(Work request)
From the first line of the entries below through the line holding "Jasna łazienka w", write out every line exactly, please, and leave out the pictures.

Dataset entries:

----

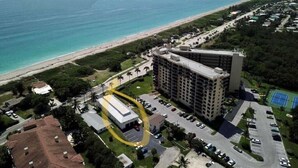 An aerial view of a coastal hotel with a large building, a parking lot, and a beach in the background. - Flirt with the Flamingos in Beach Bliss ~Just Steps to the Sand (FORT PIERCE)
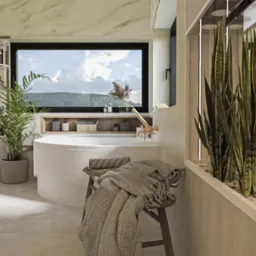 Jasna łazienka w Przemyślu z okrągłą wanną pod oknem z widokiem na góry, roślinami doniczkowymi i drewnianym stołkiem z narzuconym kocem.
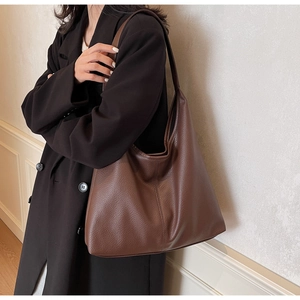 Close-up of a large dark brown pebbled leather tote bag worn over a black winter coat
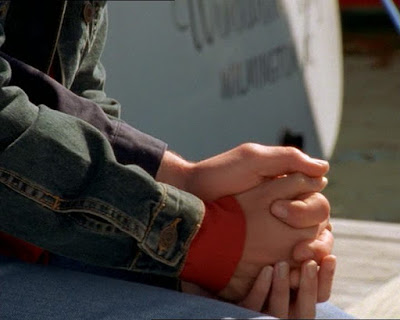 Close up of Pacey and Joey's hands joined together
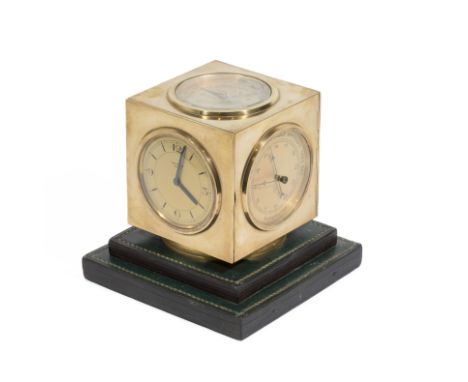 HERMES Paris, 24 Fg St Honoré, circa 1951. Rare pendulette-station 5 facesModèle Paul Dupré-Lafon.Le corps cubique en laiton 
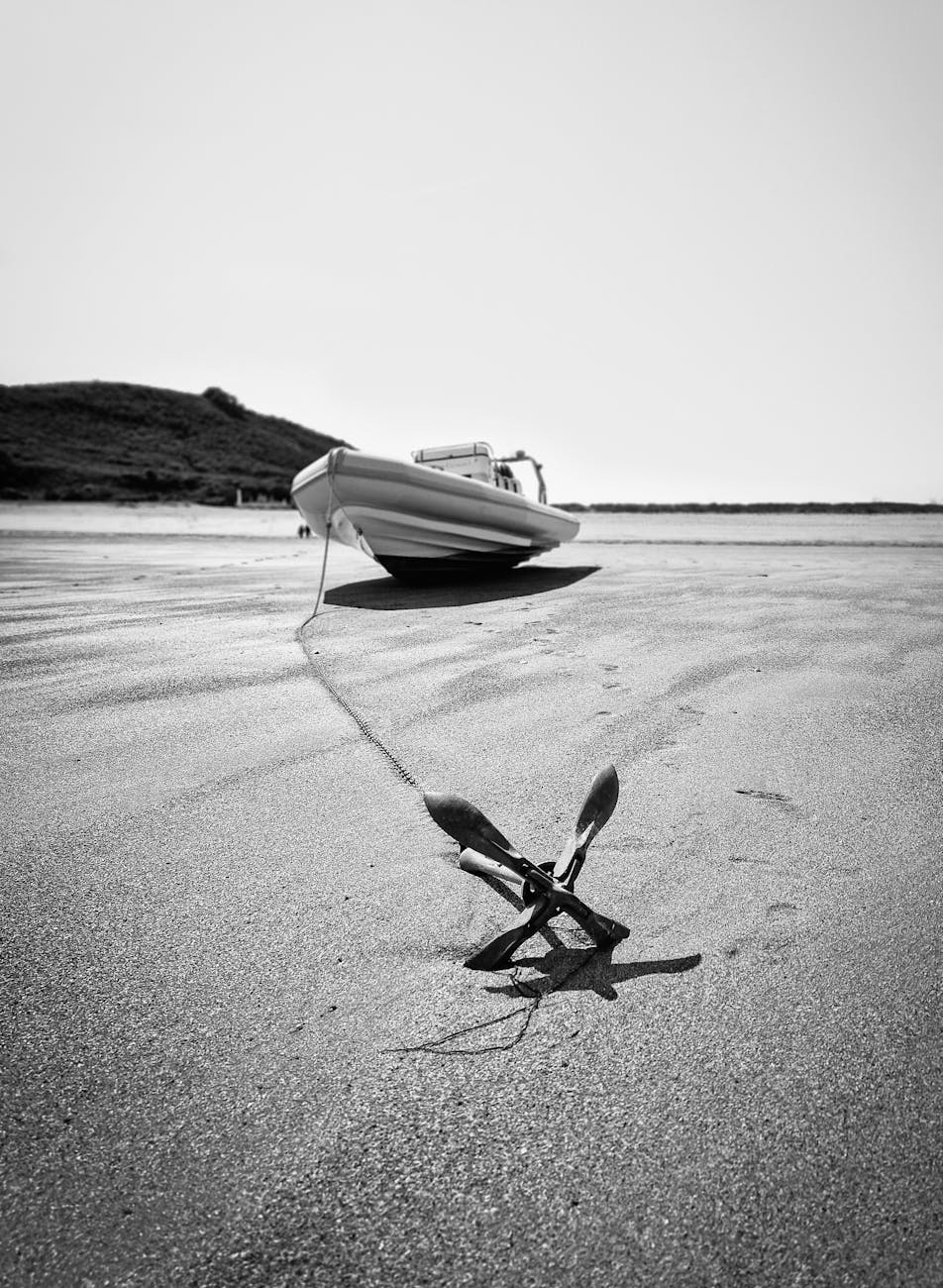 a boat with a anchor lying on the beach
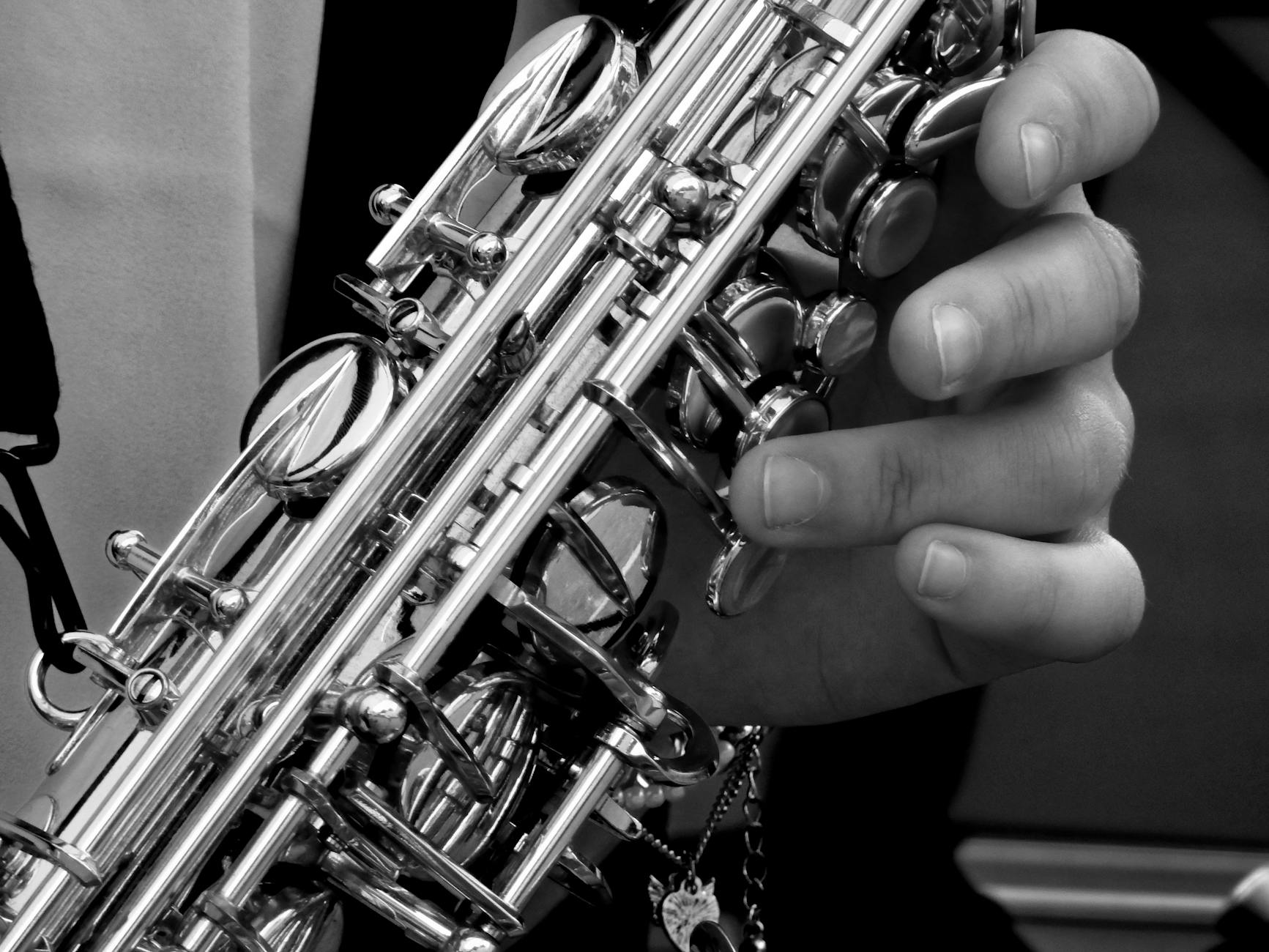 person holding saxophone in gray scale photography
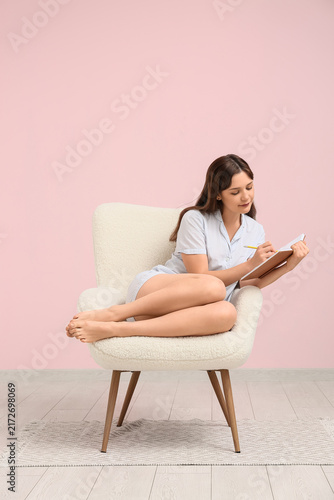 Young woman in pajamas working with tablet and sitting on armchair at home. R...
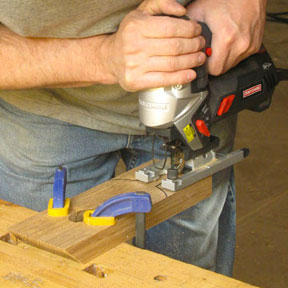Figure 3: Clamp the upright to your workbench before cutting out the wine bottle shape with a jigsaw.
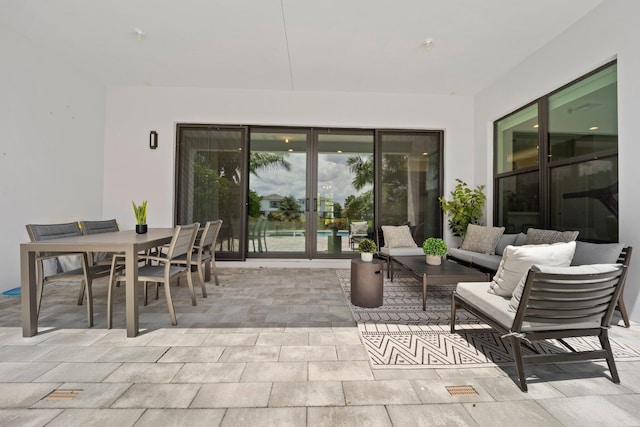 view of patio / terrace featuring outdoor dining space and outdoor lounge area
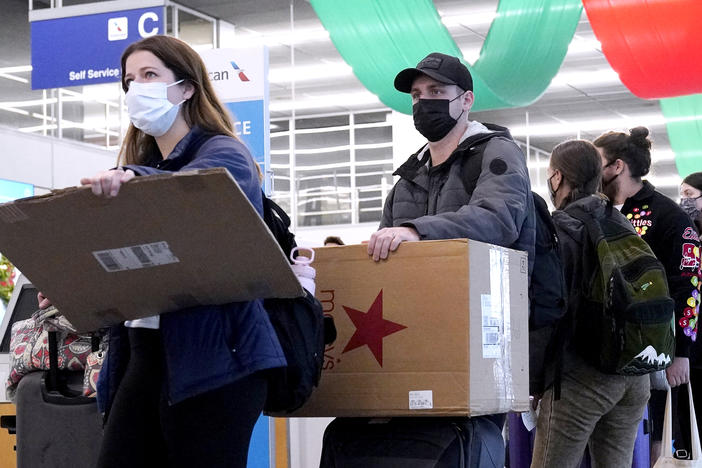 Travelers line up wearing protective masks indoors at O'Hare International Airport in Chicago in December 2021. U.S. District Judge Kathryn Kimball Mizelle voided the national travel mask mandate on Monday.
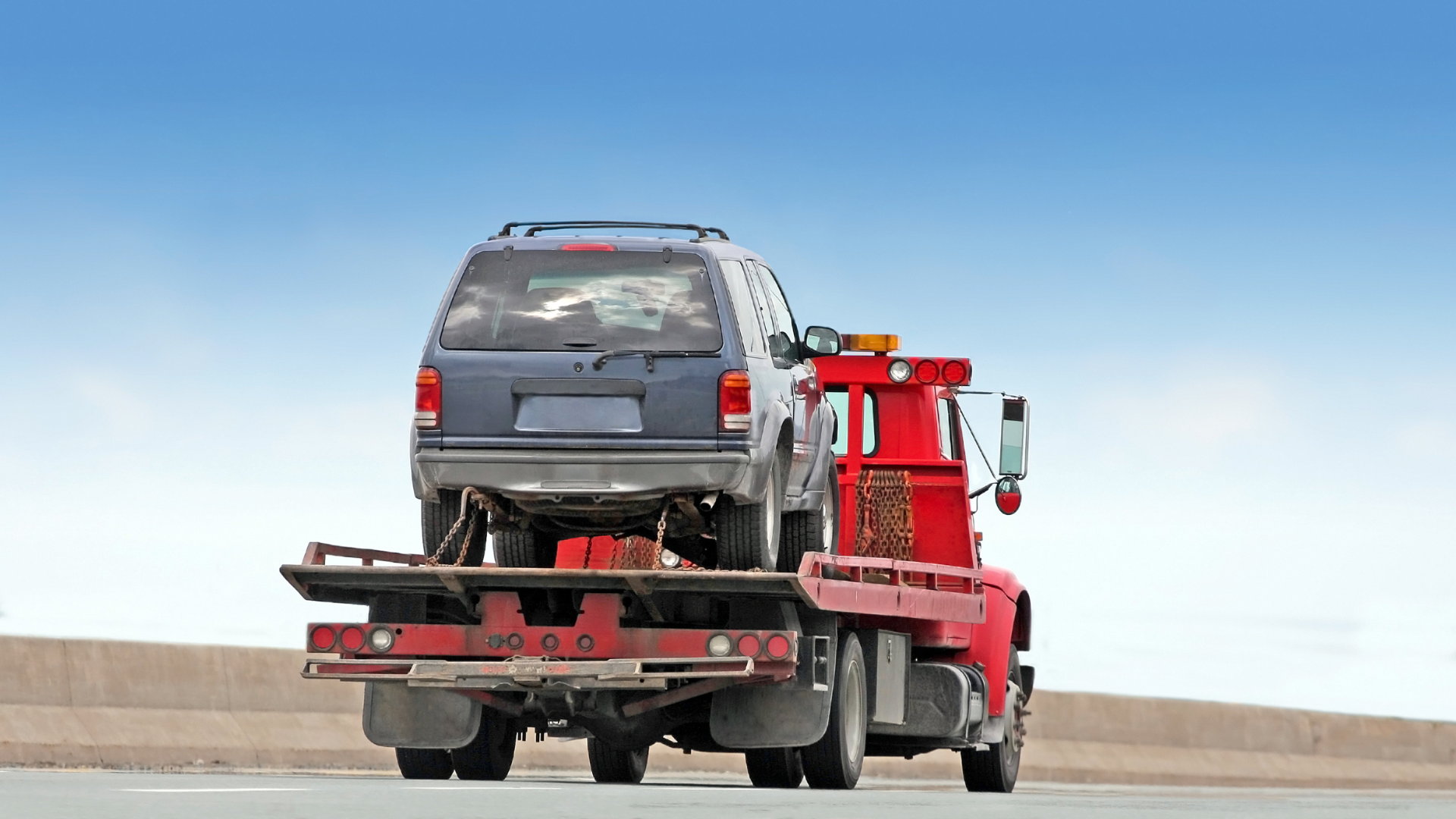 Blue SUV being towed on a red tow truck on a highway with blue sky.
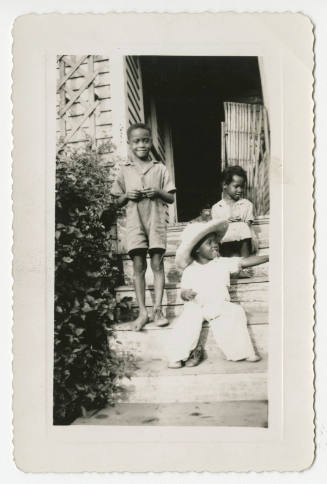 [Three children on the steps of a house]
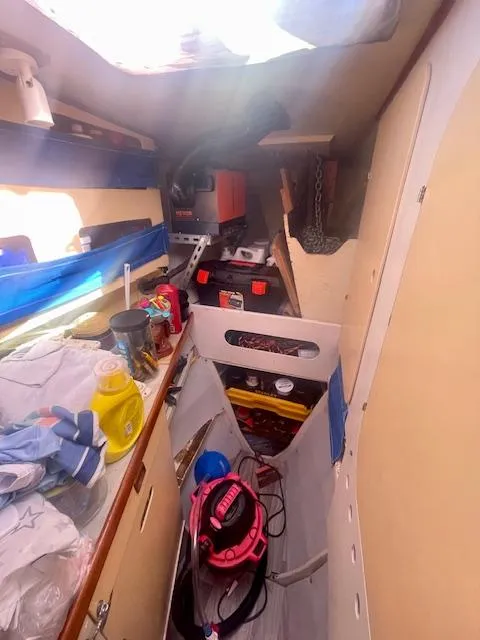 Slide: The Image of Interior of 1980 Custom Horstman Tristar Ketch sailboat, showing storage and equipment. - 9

----

(Solved exercise)
 An aerial view of a coastal hotel with a large building, a parking lot, and a beach in the background. - Flirt with the Flamingos in Beach Bliss ~Just Steps to the Sand (FORT PIERCE)
 Jasna łazienka w Przemyślu z okrągłą wanną pod oknem z widokiem na góry, roślinami doniczkowymi i drewnianym stołkiem z narzuconym kocem.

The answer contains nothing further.